Big Data and elections: The candidates know you – better than you know them

Most political campaigns emphasize providing information – carefully controlled information – about a candidate to voters. But in the era of Big Data, they are also collecting information about voters – with little or no control, consent or security

With the presidential nominating conventions looming, the candidates are getting ready to add to the hundreds of millions they’ve already spent to tell you about themselves – but only what they want you to know about themselves.

Meanwhile, they have also been spending millions of dollars collecting information about you – and you have no say in what is collected.
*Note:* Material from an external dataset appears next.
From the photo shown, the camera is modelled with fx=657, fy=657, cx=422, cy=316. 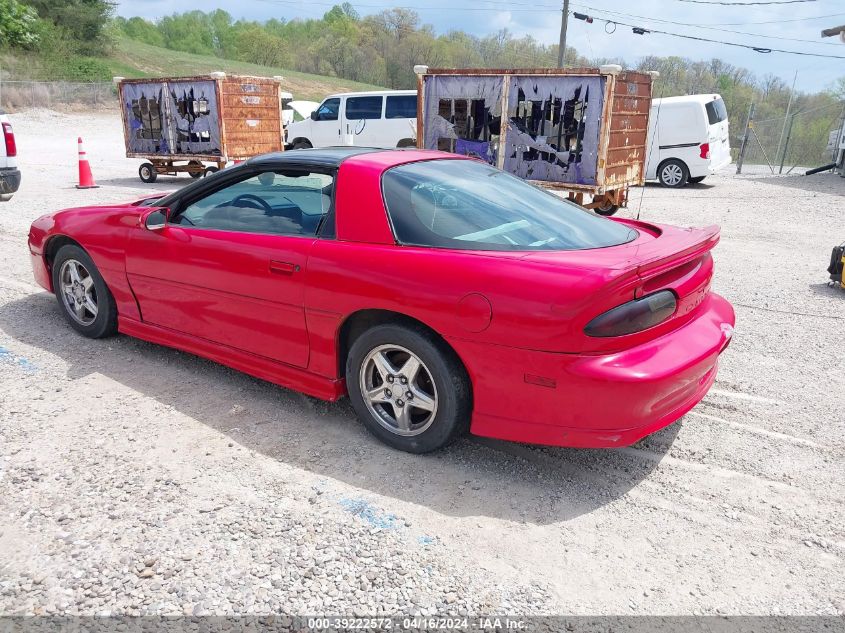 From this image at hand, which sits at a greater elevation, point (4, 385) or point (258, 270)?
point (258, 270)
Which means that, in the era of Big Data, if you’re a potential voter, they know a lot more about you than you know about them.

[ ALSO ON CSO: When tech trips up presidential candidates ]

The desire to know what will turn a voter to, or from, a candidate is not new, of course. Campaigns have been chopping up voters into interest groups for decades – minorities, gays, blue-collar workers, soccer moms, the religious right, progressives, boomers, NASCAR dads, union members, retirees, the rich, plus a host of occupational groups ranging from health care to law to the food and beverage industry.

They have been tracking voting history, political contributions and volunteer history as well.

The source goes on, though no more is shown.